### Required work
Reprint the lines below as they are, minus the pictures.

(Crawled caption data)
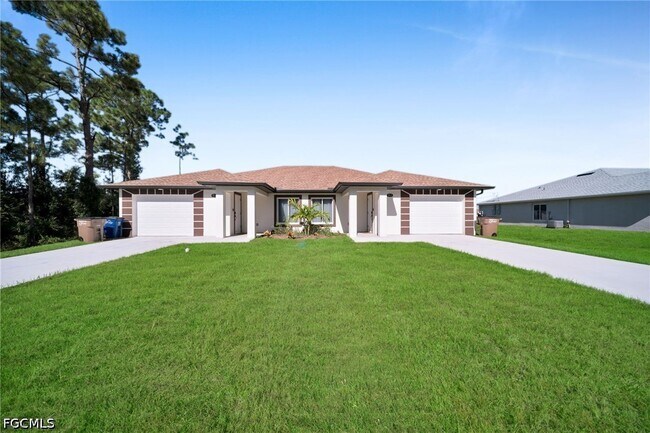 901A-901B Albany Ave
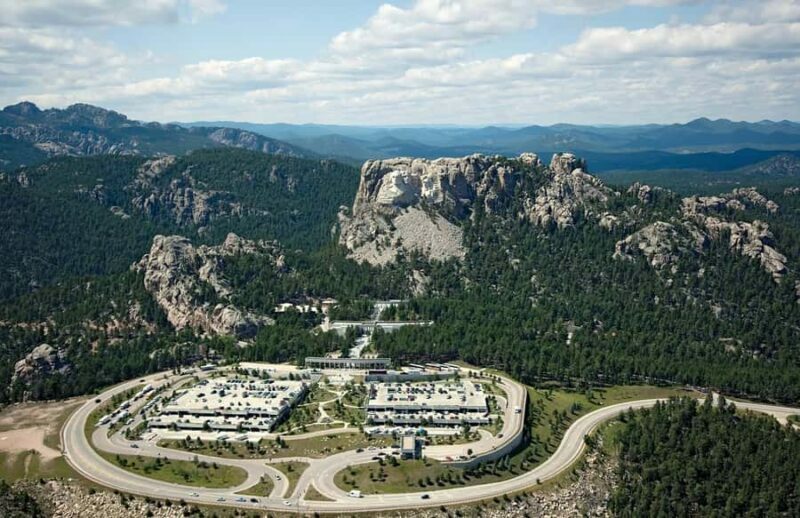From Rapid City: Mt. Rushmore Memorial Tour - Key Points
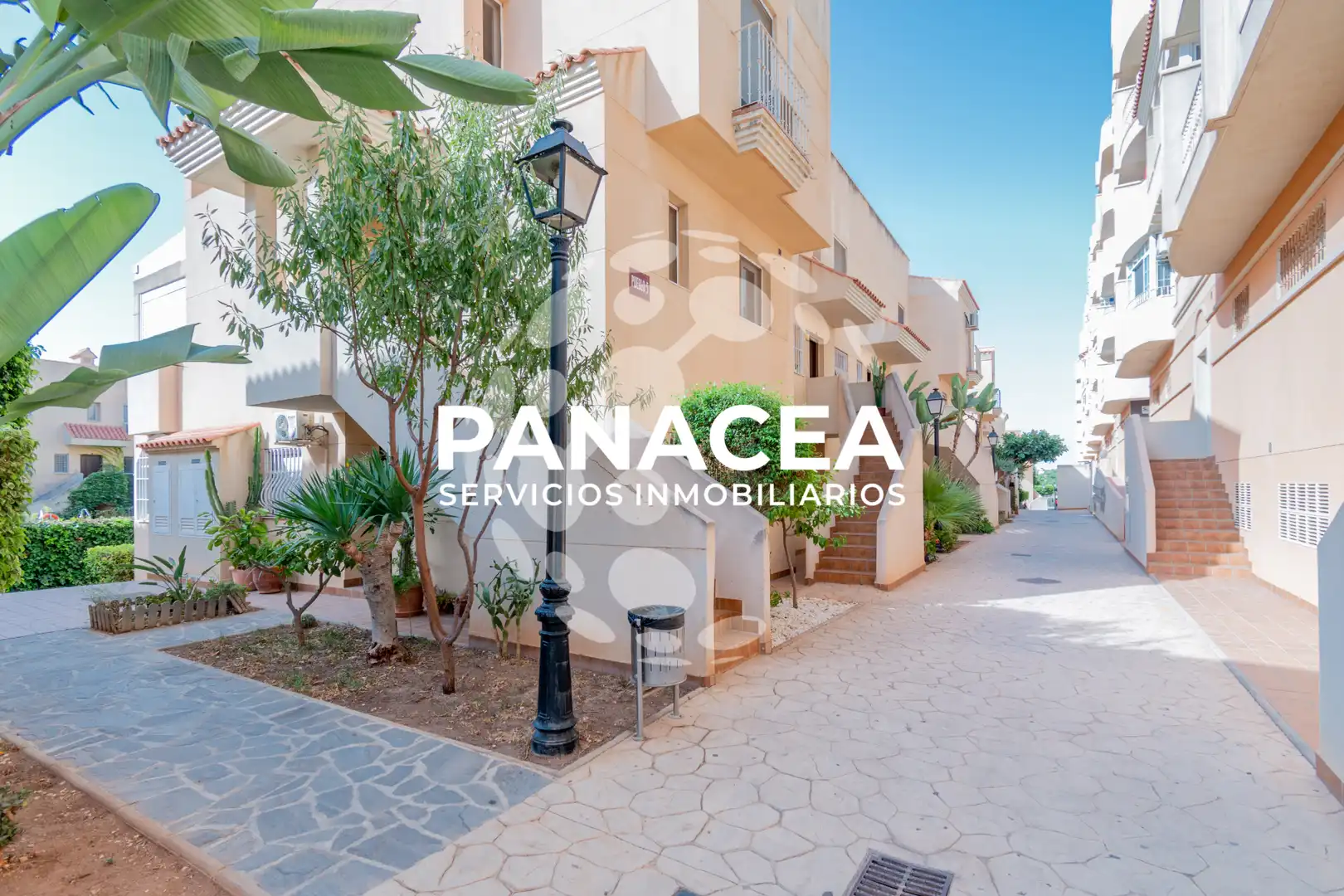 Exterior view of Flat for sale in Roquetas de Mar  with Furnished, Microwave and TV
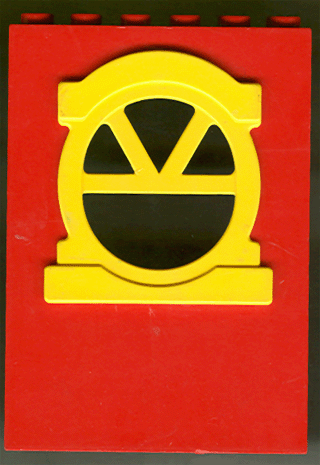 x636c02 - Fabuland Building Wall 2 x 6 x 7 with Round Top Yellow Window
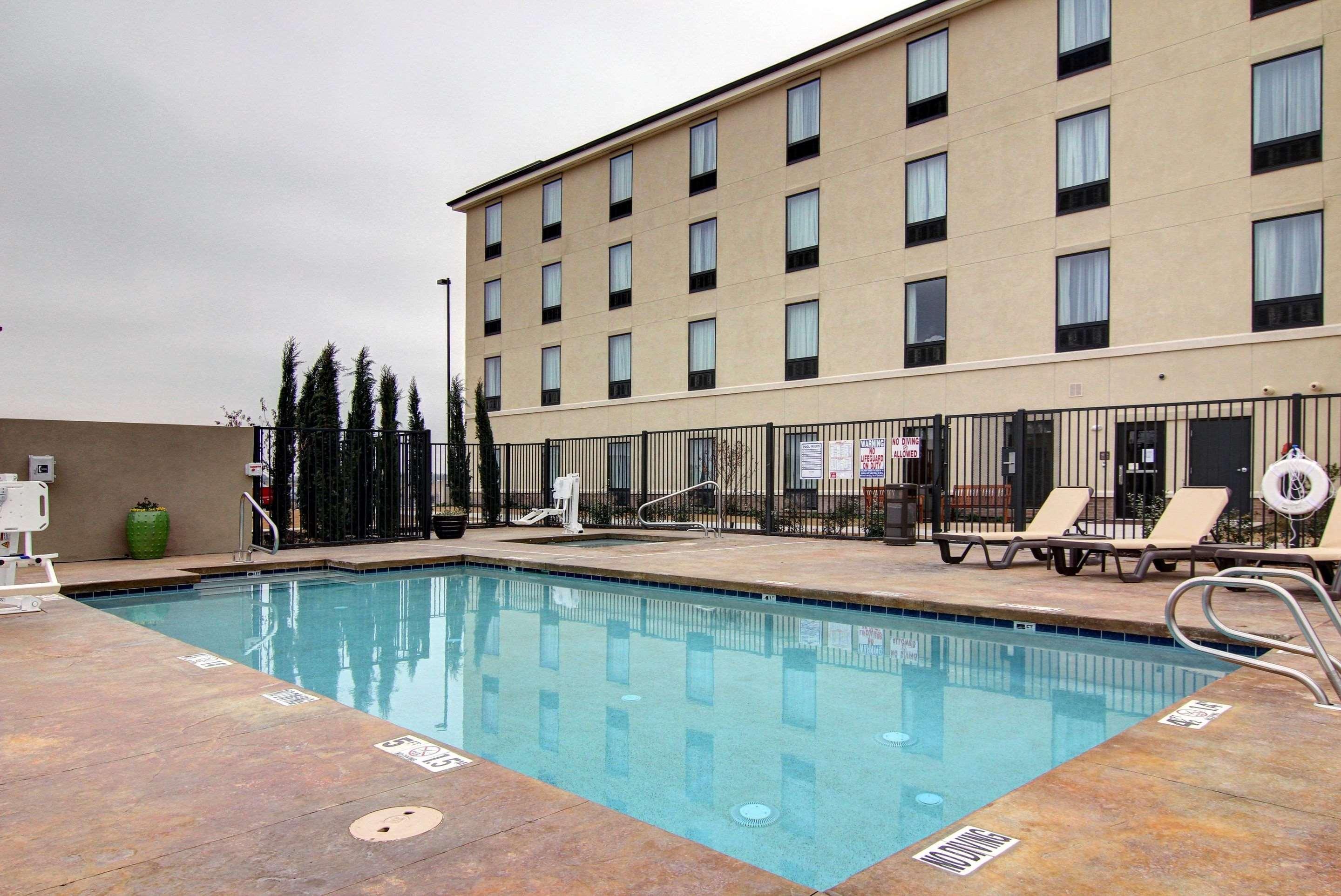 Comfort Suites Carlsbad Extérieur photo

### Answer to this task
 901A-901B Albany Ave
From Rapid City: Mt. Rushmore Memorial Tour - Key Points
 Exterior view of Flat for sale in Roquetas de Mar  with Furnished, Microwave and TV
 x636c02 - Fabuland Building Wall 2 x 6 x 7 with Round Top Yellow Window
 Comfort Suites Carlsbad Extérieur photo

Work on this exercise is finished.